* Exercise
What you return should be only the lines in the entries below between the one holding "Filter na pitnú" and the one holding "Autosol Super Gloss Metal Polish 75ml", ends included, with every picture left out.

[Web page caption snippets]
━━━━━━

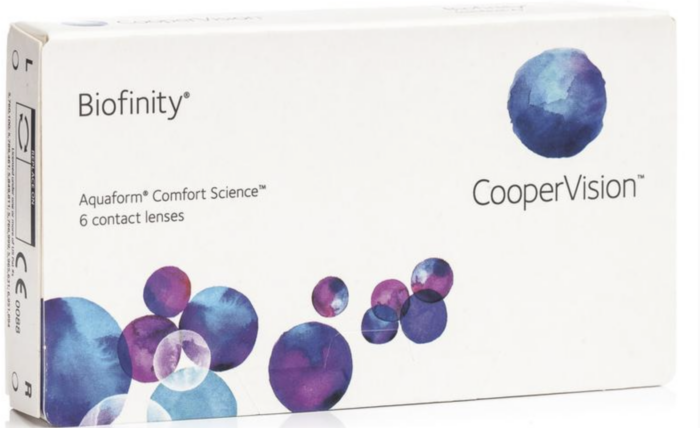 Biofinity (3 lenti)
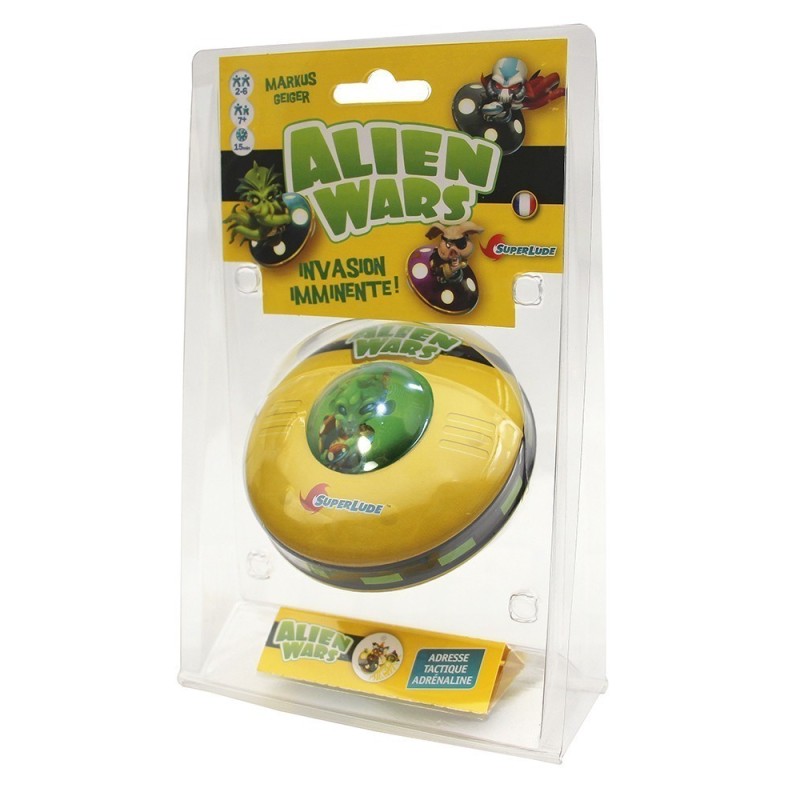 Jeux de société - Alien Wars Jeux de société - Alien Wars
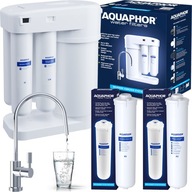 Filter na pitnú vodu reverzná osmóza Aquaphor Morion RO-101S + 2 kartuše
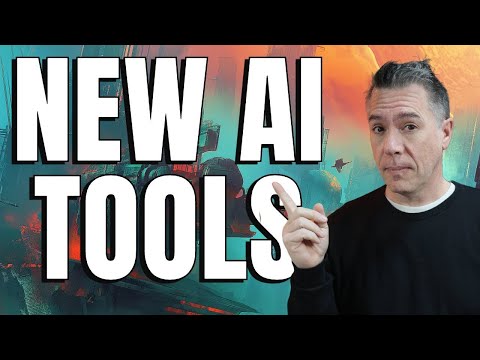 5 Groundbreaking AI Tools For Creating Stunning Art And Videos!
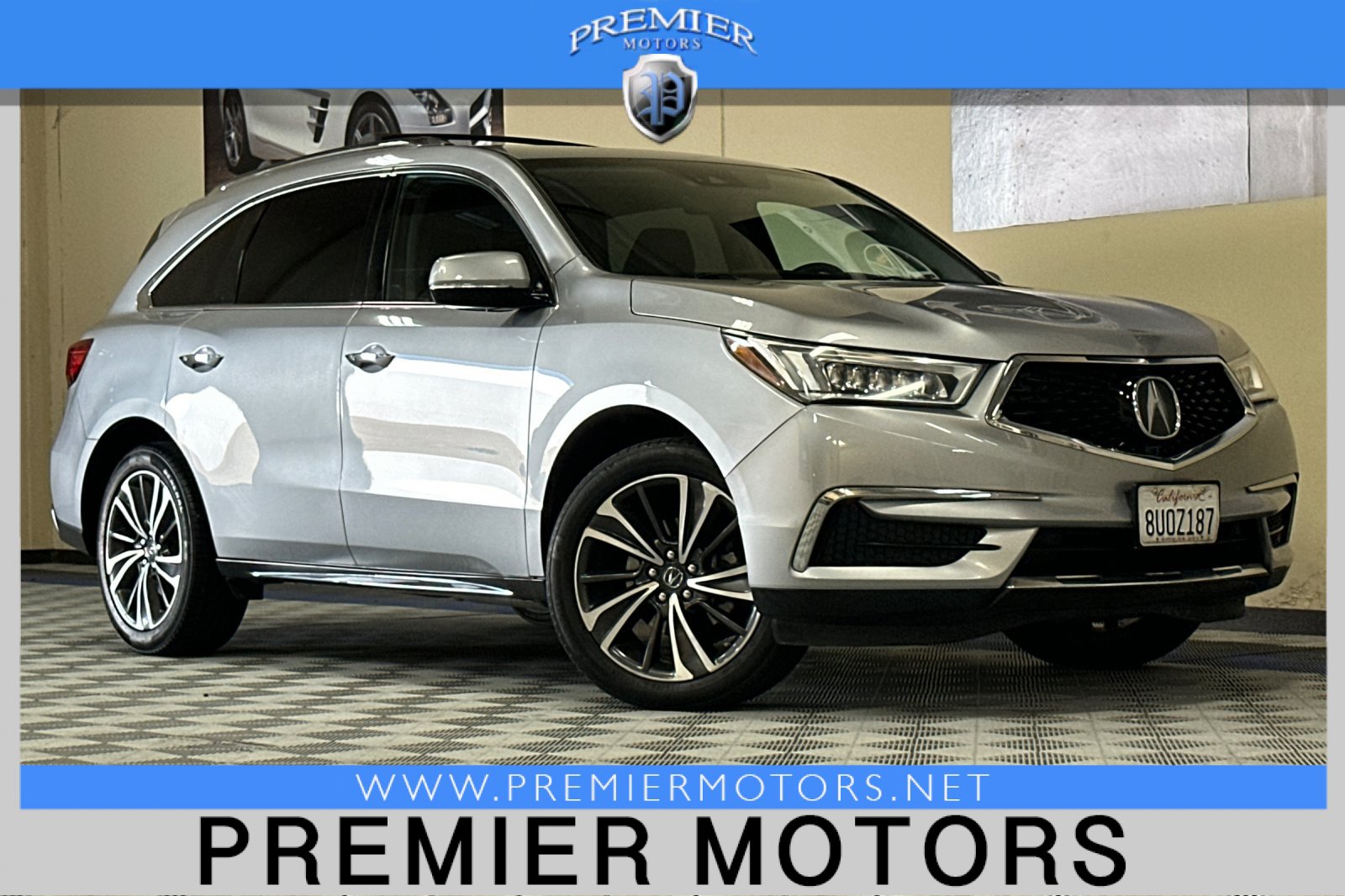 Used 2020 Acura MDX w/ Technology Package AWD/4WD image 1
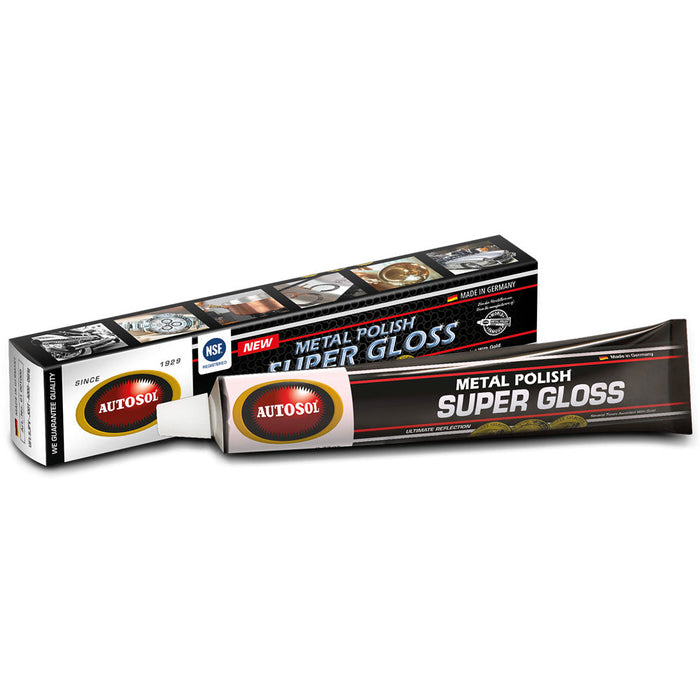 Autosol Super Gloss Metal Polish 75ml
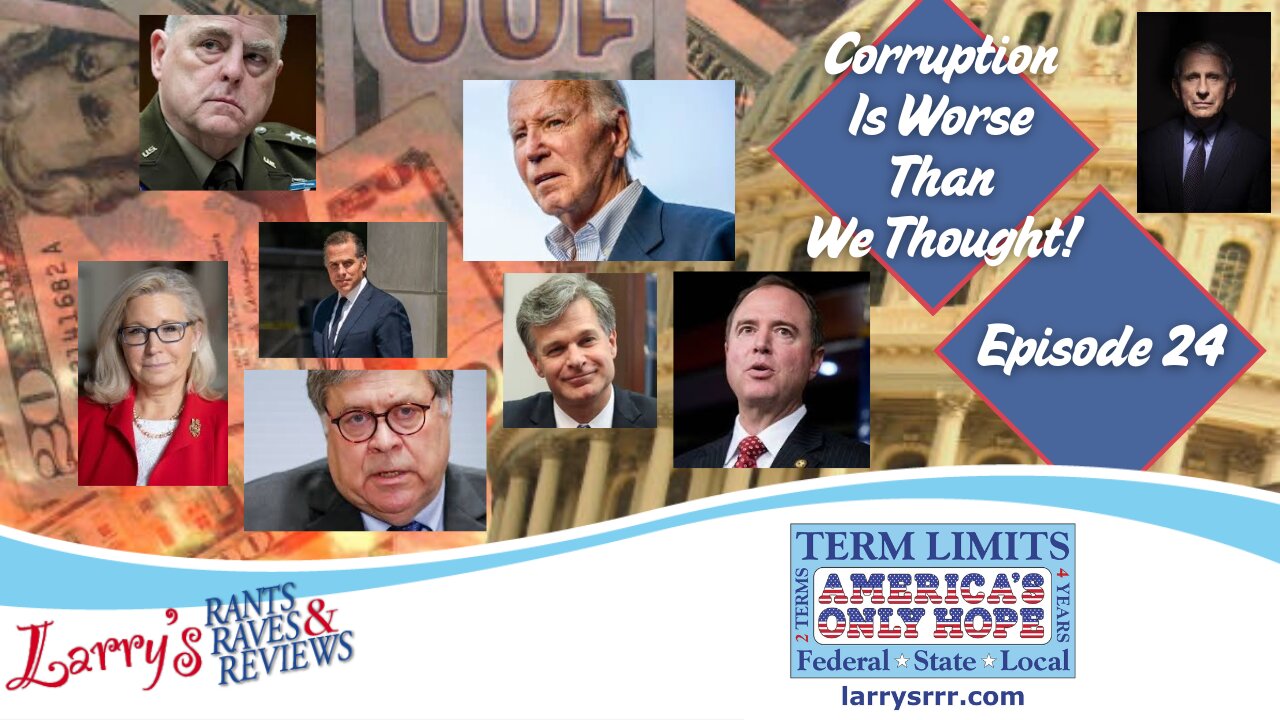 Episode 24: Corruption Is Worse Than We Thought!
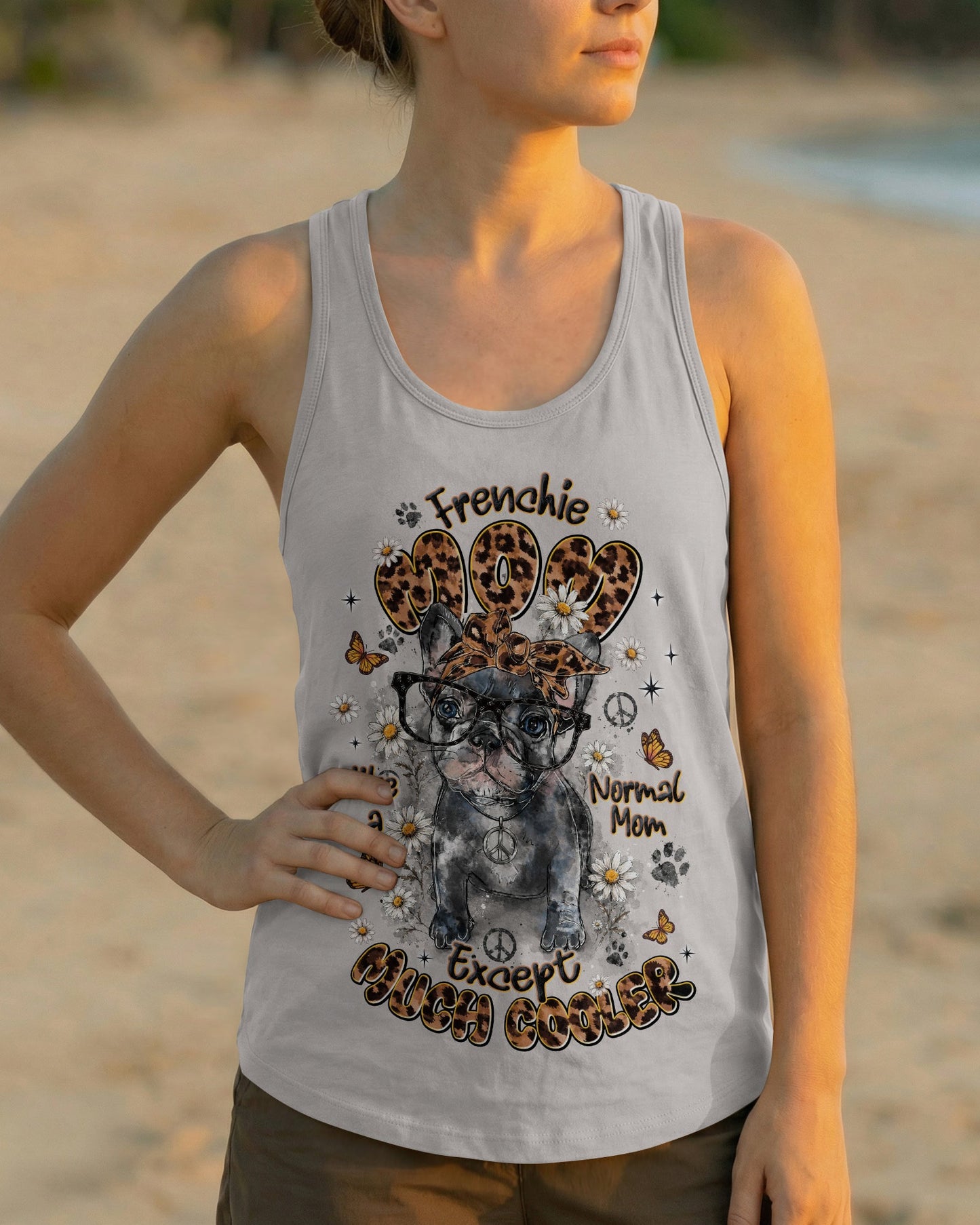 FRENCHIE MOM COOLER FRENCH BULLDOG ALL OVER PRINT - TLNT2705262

━━━━━━

* Finished exercise
 Filter na pitnú vodu reverzná osmóza Aquaphor Morion RO-101S + 2 kartuše
 5 Groundbreaking AI Tools For Creating Stunning Art And Videos!
 Used 2020 Acura MDX w/ Technology Package AWD/4WD image 1
 Autosol Super Gloss Metal Polish 75ml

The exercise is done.